Querida Doctora:
Lo que pretende el autor no es el aplauso egoísta y superfluo. Eso tal vez lo persiga el plumífero, el compositorzuelo, el pincelador, todos cuantos desconocen que el arte implica creación. El autor es un creador, no un copista más o menos diestro. Pretende -y lo cree su deber- mostrar otros mundos para sí mismo y para los demás: otras imágenes, otros matices, otras perspectivas que actúen como contrafanatismos. ¿Por un piropo efímero de las masas va a soportar el creador la incomprensión de sus conciudadanos o coetáneos?
Naturalmente que se alegra de que se reconozca su esfuerzo. Si se condena esa alegría se está condenando también al creyente que sabe que con sus buenas obras para los demás está comprando un lugar en el cielo para sí mismo. O predicando que el enamorado no debe amar ni confesar su amor porque cuanto más ama más se alegra su corazón y se enriquece su vida. O al médico que se siente feliz por salvar vidas.
No: el creador inconformista recorre un proceso de dicha y sufrimiento en su creación, cuyo dolor acepta porque si huyera de él sería como desertar de su misión: dar, poner luz, hacer crecer al Hombre, añadir algo al mundo que le rodea, ensanchar el universo.

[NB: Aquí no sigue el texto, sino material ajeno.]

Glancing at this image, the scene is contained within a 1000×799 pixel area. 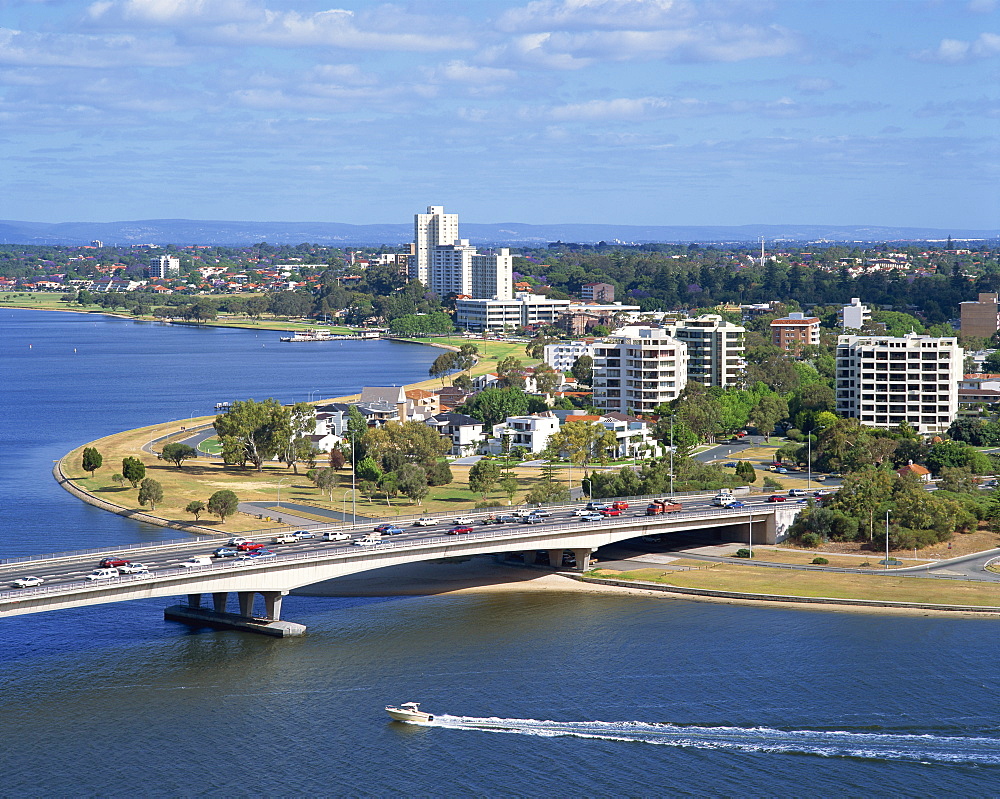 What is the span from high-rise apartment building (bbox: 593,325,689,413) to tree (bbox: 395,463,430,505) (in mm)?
21444

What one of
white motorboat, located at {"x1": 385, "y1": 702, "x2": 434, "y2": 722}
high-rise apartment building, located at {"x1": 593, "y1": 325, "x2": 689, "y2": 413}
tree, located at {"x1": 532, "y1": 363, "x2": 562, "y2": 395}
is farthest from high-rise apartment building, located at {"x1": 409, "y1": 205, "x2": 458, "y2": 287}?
white motorboat, located at {"x1": 385, "y1": 702, "x2": 434, "y2": 722}

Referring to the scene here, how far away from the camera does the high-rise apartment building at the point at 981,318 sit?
347ft

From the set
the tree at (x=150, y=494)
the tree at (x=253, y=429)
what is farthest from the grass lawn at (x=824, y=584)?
the tree at (x=253, y=429)

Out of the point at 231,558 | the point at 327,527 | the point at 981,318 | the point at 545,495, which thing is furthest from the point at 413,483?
the point at 981,318

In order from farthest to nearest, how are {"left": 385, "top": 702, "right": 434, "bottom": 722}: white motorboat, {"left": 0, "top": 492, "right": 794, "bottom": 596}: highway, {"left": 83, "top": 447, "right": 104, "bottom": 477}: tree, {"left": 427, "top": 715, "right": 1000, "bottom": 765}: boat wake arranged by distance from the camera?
{"left": 83, "top": 447, "right": 104, "bottom": 477}: tree
{"left": 0, "top": 492, "right": 794, "bottom": 596}: highway
{"left": 385, "top": 702, "right": 434, "bottom": 722}: white motorboat
{"left": 427, "top": 715, "right": 1000, "bottom": 765}: boat wake

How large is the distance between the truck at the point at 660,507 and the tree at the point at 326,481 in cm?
1283

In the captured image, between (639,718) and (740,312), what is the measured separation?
100m

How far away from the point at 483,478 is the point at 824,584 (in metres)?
15.0

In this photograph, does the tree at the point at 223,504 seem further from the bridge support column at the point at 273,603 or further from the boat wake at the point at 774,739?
the boat wake at the point at 774,739

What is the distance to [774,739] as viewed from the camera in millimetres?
25562

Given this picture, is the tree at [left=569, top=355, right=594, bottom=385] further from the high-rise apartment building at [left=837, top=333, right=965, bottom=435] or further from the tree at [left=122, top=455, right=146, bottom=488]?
the tree at [left=122, top=455, right=146, bottom=488]

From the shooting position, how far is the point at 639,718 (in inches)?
1046

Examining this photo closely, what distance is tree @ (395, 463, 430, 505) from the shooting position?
156ft

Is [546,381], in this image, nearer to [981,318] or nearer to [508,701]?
[981,318] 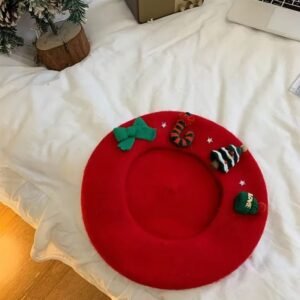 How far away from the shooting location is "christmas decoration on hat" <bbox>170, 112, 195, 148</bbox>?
2.06 feet

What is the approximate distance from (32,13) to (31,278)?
0.65 metres

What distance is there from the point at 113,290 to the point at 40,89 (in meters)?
0.45

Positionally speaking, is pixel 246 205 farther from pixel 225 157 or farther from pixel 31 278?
pixel 31 278

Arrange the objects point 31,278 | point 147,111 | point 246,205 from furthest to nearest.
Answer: point 31,278 → point 147,111 → point 246,205

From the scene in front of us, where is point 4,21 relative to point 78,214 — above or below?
above

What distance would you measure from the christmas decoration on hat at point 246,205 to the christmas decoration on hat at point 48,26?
20.1 inches

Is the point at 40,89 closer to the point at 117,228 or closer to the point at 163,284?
the point at 117,228

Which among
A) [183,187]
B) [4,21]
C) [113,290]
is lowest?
[113,290]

Un ejemplo ejemplar, además de las persecuciones sufridas por tanto sócrates, jesucristo, copérnico, miguelángel, vangogh, góngora ... : Cuando en 1802 Beethoven decide consumar su suicidio, aquejado de una terrible depresión porque no puede sufrir más su sordera galopante, una sola cosa lo detiene, según escribe en su Testamento de Heiligenstadt: "No puedo irme de este mundo sin darle a los demás cuanto llevo dentro". Y dio al mundo desde ese mismo año la Heroica; y después, la Quinta, la Sexta, la Séptima, la Novena, la Misa, la Hamerklavier, la Gran Fuga...
¿Acaso el mundo sería el mismo sin esas obras y las de cuantos aprendieron de él: Schubert, Schumann, Wagner, Brahms...?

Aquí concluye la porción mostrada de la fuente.